**YOUR GOAL**
Without the pictures, repeat the listing character for character.

**RECORDED DATA**
··········
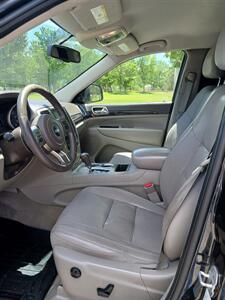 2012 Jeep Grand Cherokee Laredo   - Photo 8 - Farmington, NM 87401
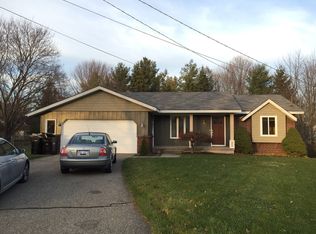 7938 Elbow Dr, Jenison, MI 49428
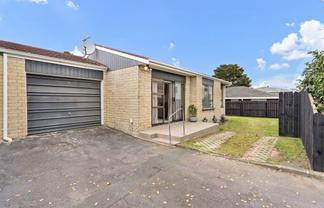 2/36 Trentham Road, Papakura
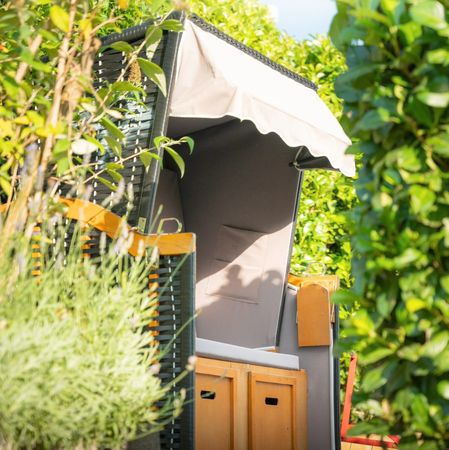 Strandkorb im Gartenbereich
··········
**WRITTEN SOLUTION**
 2012 Jeep Grand Cherokee Laredo   - Photo 8 - Farmington, NM 87401
 7938 Elbow Dr, Jenison, MI 49428
 2/36 Trentham Road, Papakura
 Strandkorb im Gartenbereich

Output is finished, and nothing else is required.